── MATERIAL FOR THIS EXERCISE ──
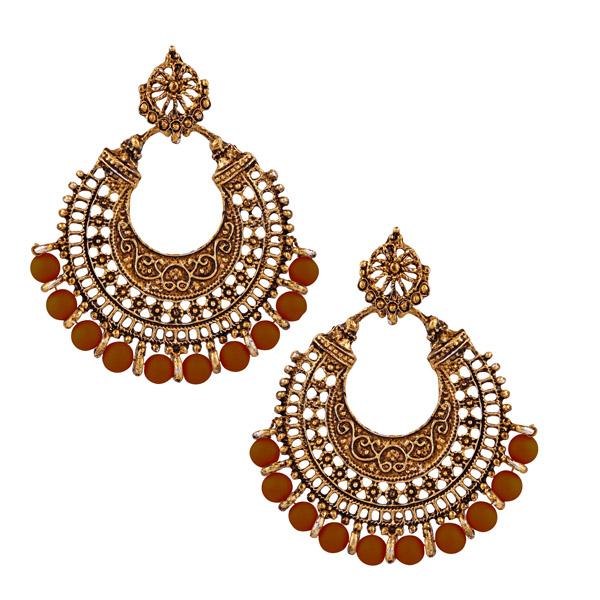 Tip Top Fashions Brown Beads Antique Gold Plated Afghani Earrings - 1311022R
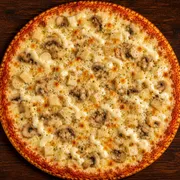 Salgadas: À Moda - Pizza Grande (Ingredientes: Molho, Mussarela, Palmito, Champignon, Catupiry, Orégano)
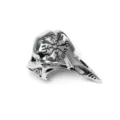 Nordic vintage Viking raven skull ring with engraved runes and adjustable band for men - 乌鸦头骨款式(B-283)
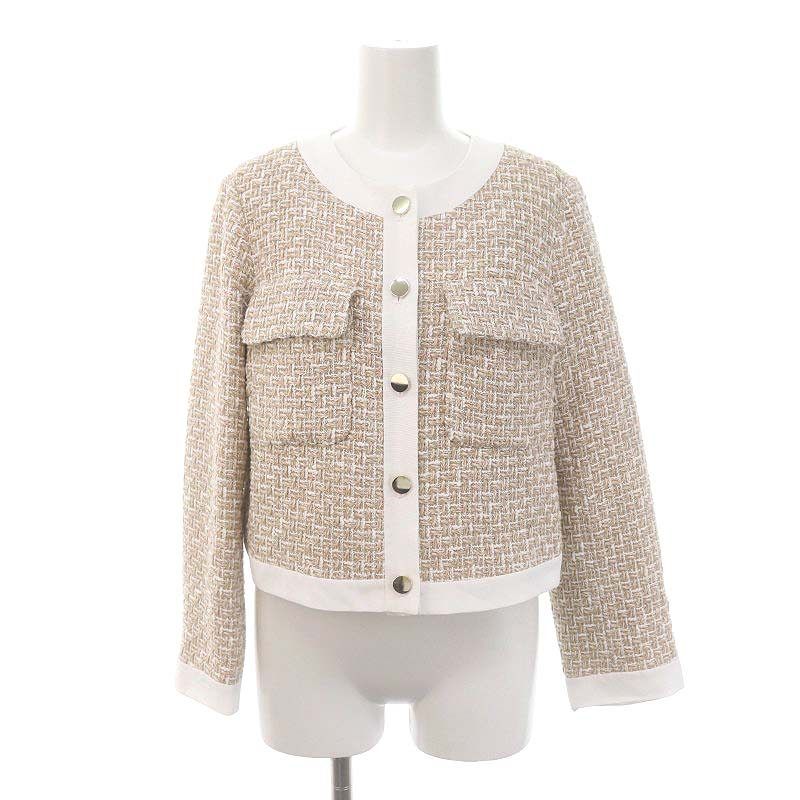 グレースクラス GRACE Class 24SS ツイードトリミングジャケット ノー 36 ベージュ 白 ホワイト MI OS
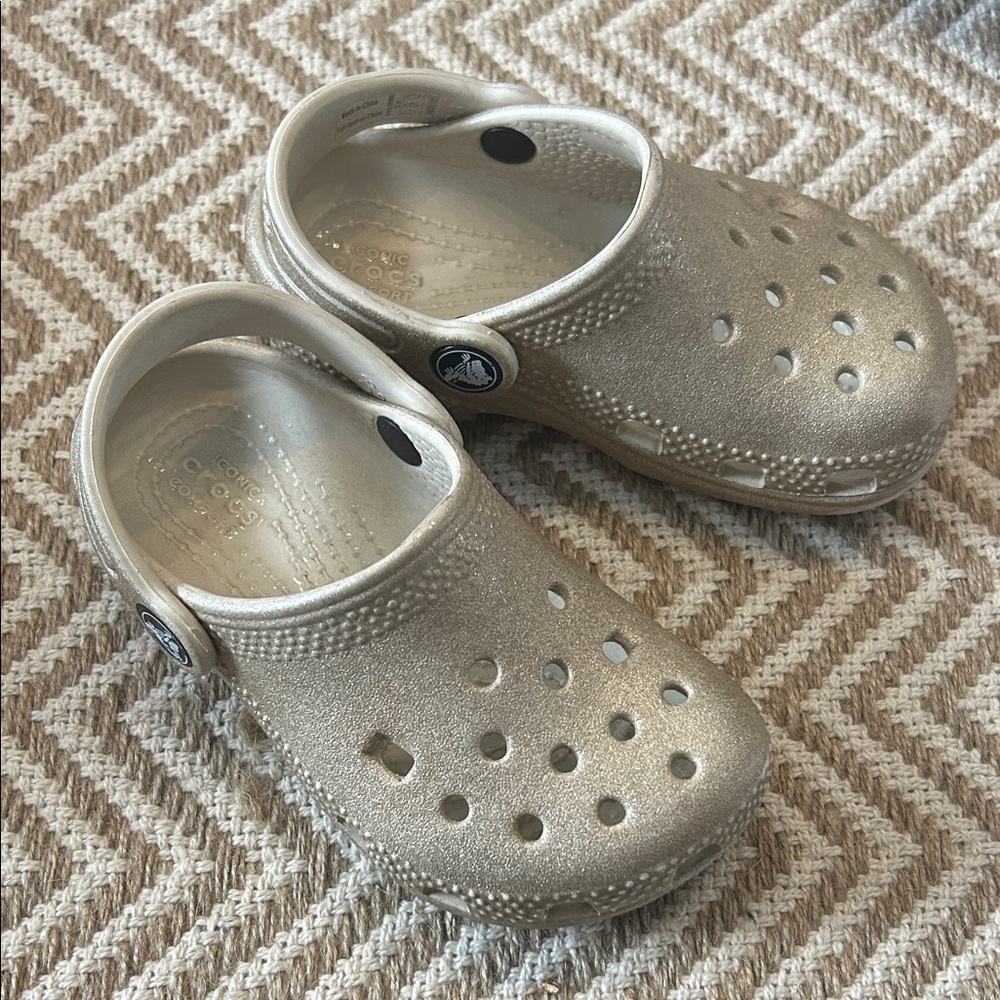 CROCS Kids Metallic Gold Clogs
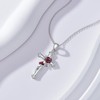 CTIEIP Rose Cross Necklace for Women with Diamonds 925 Sterling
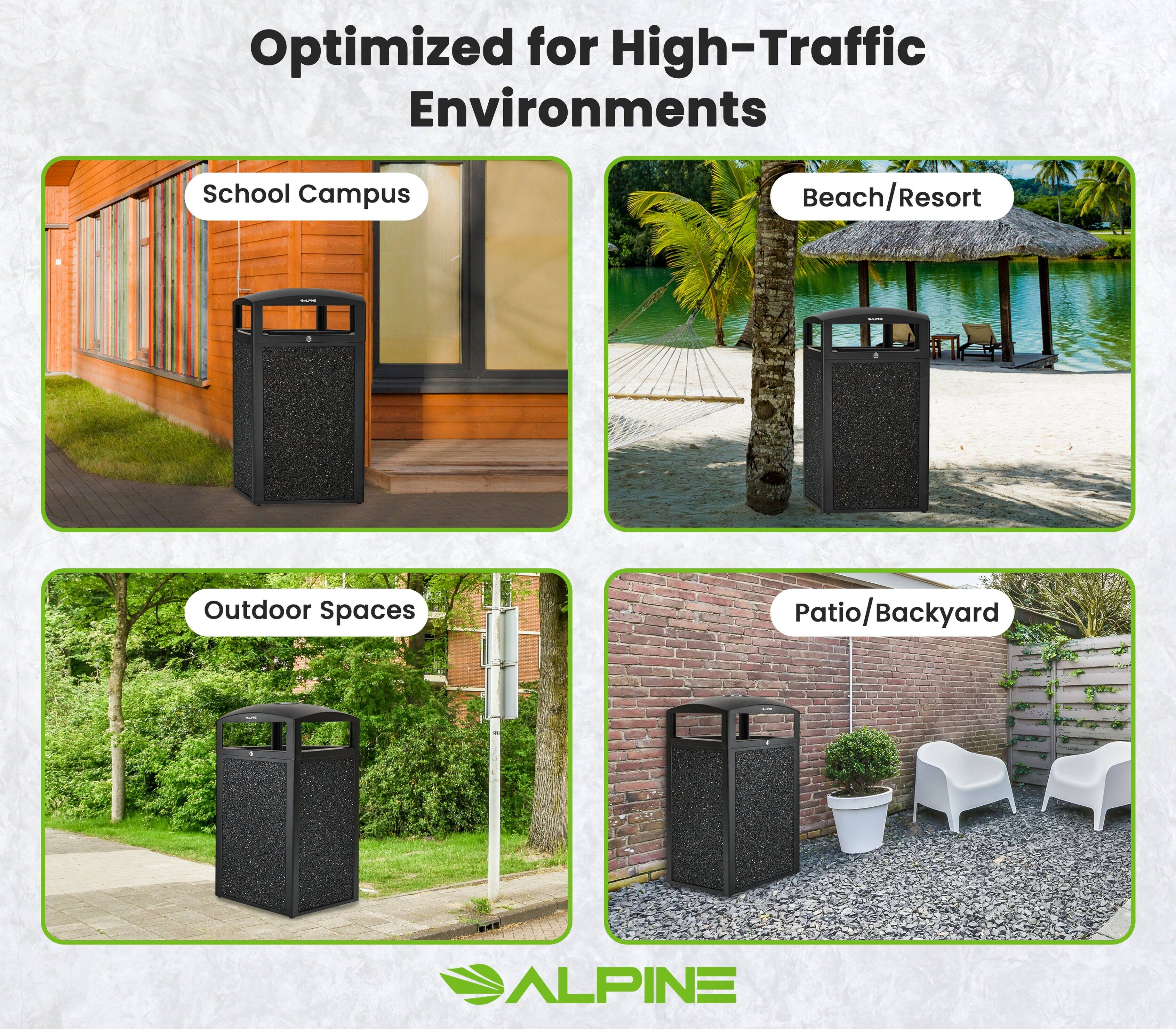 Optimized for High-Traffic Environments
───
Take the line with "Nordic vintage Viking" as the first line and the last line of the records above as the final one; reproduce exactly the lines between them, both included, without pictures.

OUTPUT FOR THIS TASK ::
 Nordic vintage Viking raven skull ring with engraved runes and adjustable band for men - 乌鸦头骨款式(B-283)
 グレースクラス GRACE Class 24SS ツイードトリミングジャケット ノー 36 ベージュ 白 ホワイト MI OS
 CROCS Kids Metallic Gold Clogs
 CTIEIP Rose Cross Necklace for Women with Diamonds 925 Sterling
 Optimized for High-Traffic Environments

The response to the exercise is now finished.